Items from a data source
###

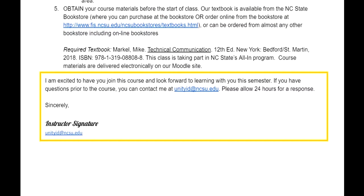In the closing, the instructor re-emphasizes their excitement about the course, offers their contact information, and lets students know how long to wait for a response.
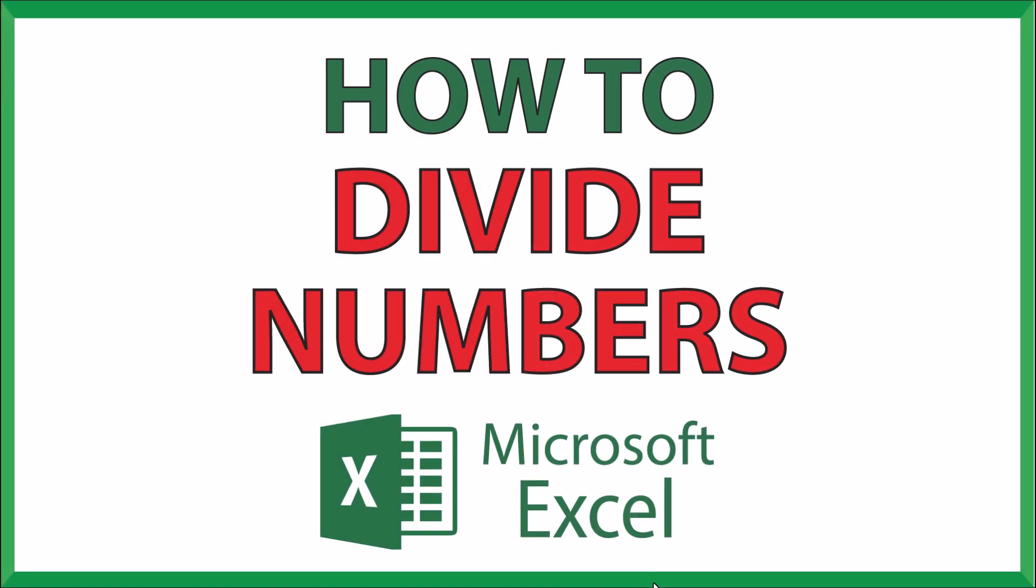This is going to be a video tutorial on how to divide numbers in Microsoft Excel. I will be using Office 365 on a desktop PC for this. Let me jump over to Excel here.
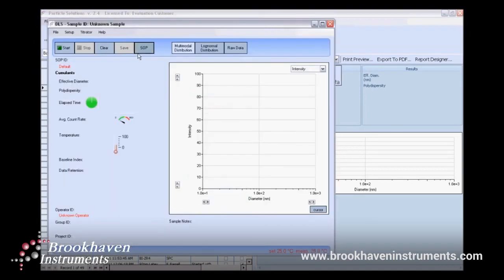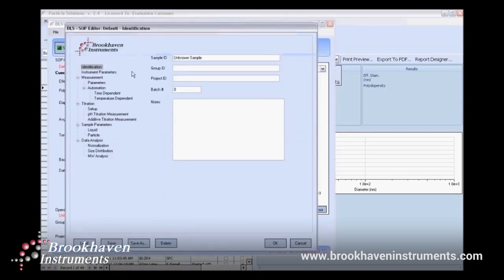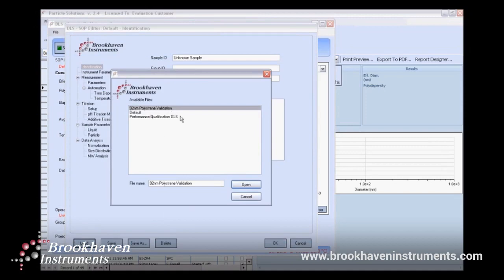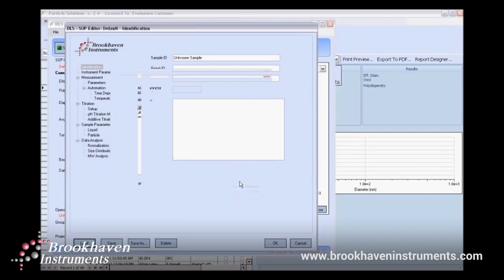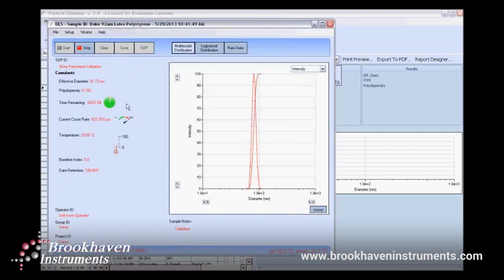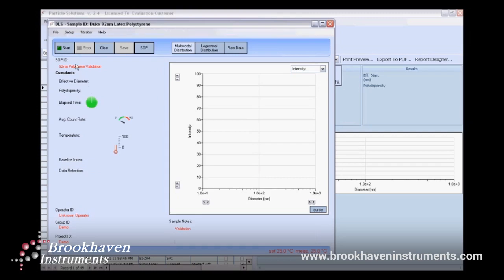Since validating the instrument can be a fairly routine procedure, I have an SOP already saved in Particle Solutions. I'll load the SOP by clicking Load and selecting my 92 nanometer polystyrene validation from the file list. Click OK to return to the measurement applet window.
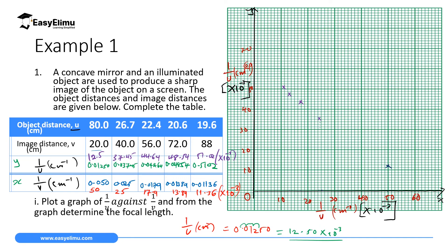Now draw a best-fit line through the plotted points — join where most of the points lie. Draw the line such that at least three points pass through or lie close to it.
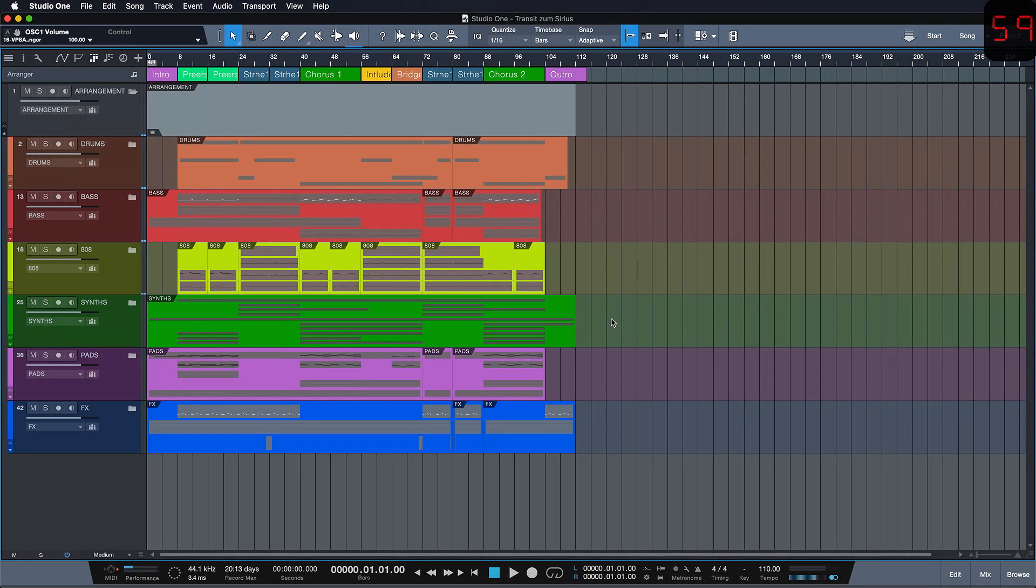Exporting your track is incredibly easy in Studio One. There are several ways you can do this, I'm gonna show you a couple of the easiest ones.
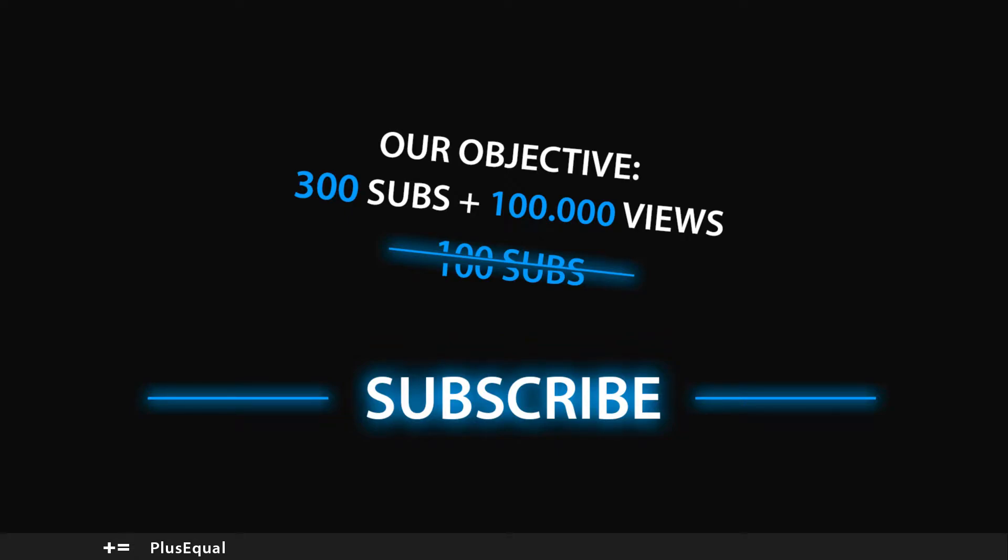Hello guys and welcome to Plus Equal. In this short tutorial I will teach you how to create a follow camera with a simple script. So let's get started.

###

Your task is to retype, exactly and only, the lines from the line holding "Now draw a best-fit" through the final line of the data above, with both ends kept. Drop the pictures.

=== Solution to this exercise ===
Now draw a best-fit line through the plotted points — join where most of the points lie. Draw the line such that at least three points pass through or lie close to it.
Exporting your track is incredibly easy in Studio One. There are several ways you can do this, I'm gonna show you a couple of the easiest ones.
Hello guys and welcome to Plus Equal. In this short tutorial I will teach you how to create a follow camera with a simple script. So let's get started.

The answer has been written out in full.